● **Dataset entries**

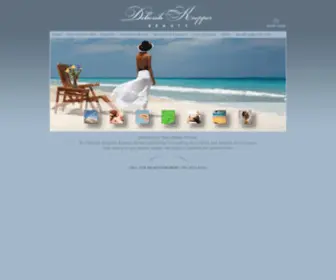 Deborahkoepper.com(Palm Beach) Screenshot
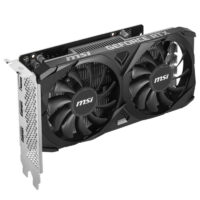 Carte Graphique Msi Geforce Rtx 3050 Ventus 2x E 6go Oc -912-V812-056 Tunisie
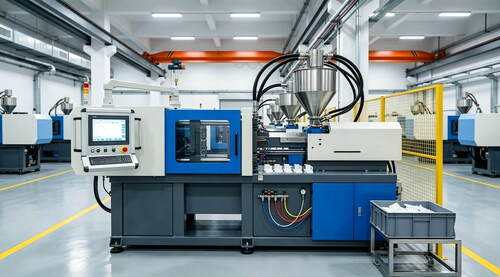 Últimas soluciones de la empresa sobre PCs Industriales de Panel de Alto Rendimiento: Optimizando la Automatización del Moldeo por Inyección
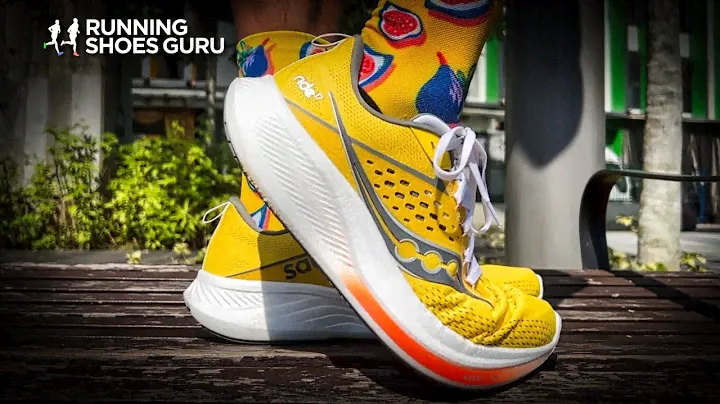 Saucony Ride 17 - The Most Versatile Daily Trainer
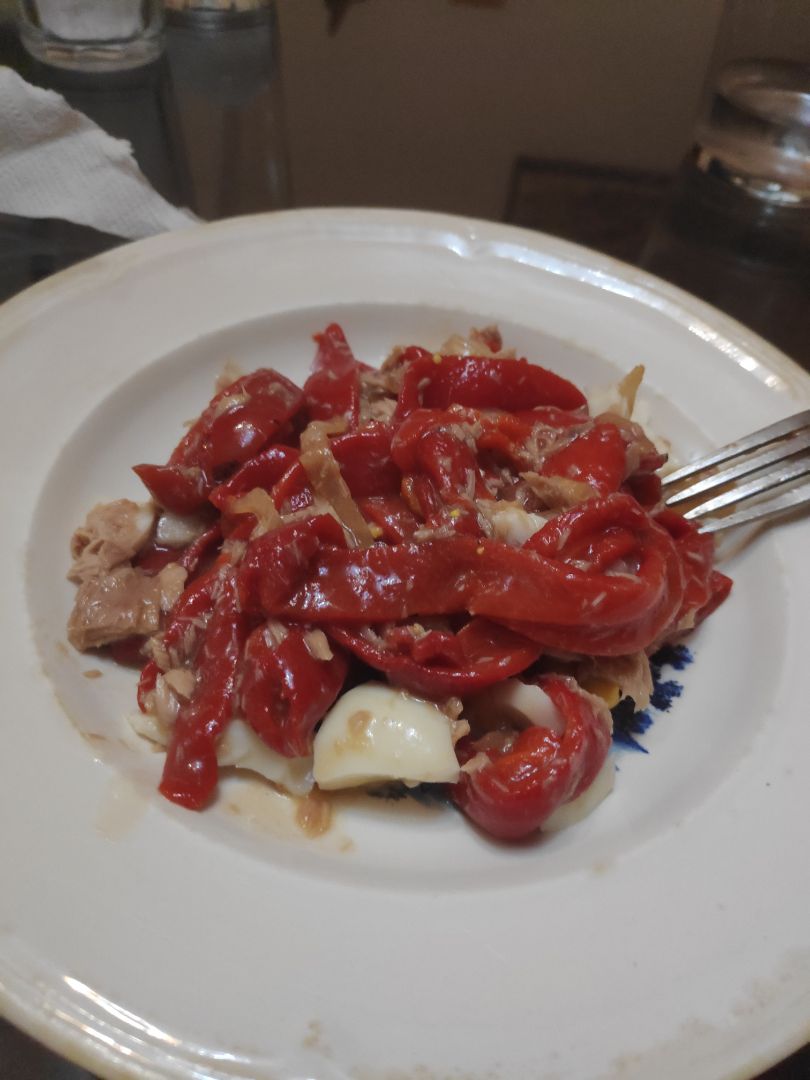 Aliño de pimiento 🌶️ Aliño de pimiento 🌶️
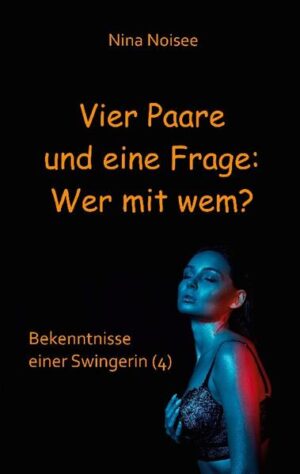 In einem Swinger-Urlaub befindet man sich immer in einem besonderen Kosmos - einem Kosmos, in dem Dinge möglich werden, von denen viele Menschen kaum zu träumen wagen. Diese Erfahrung machten auch mein Freund und ich, als wir uns mit drei weiteren Paaren in einem Ferienhaus in Dänemark trafen. Dass wir in dieser Woche Partner und Zimmer immer wieder neu verteilten, lag in der Natur der Sache. Dass wir dabei aber auch Grenzen überschritten, die man selbst beim Swingen vernünftigerweise einhalten sollte, war eine andere Sache. Aber was ist schon vernünftig an Partnertausch und Gruppensex?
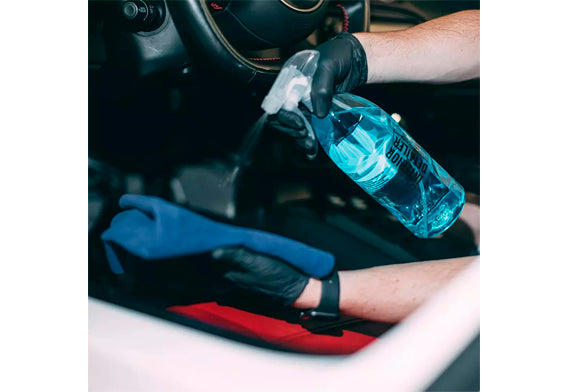 Project-Auto.com Gyeon Q²M INTERIORDETAILER - 內籠清潔劑 洗車用品香港 汽車內籠 清潔劑 汽車用品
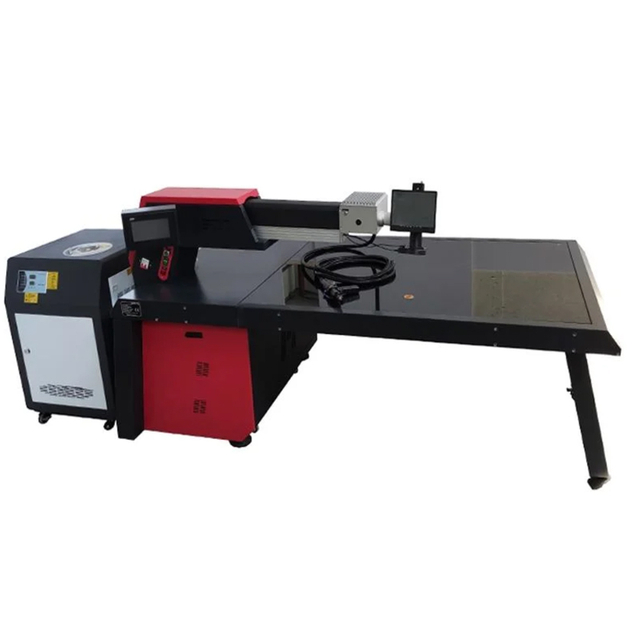 Channel Letter Laser Welding Machine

● **What to do**
Once the line with "Últimas soluciones de" is found above, print it and every line after it through the line with "Aliño de pimiento 🌶️ Aliño de pimiento 🌶️", exactly. Pictures stay out.

● **Output of the task**
 Últimas soluciones de la empresa sobre PCs Industriales de Panel de Alto Rendimiento: Optimizando la Automatización del Moldeo por Inyección
 Saucony Ride 17 - The Most Versatile Daily Trainer
 Aliño de pimiento 🌶️ Aliño de pimiento 🌶️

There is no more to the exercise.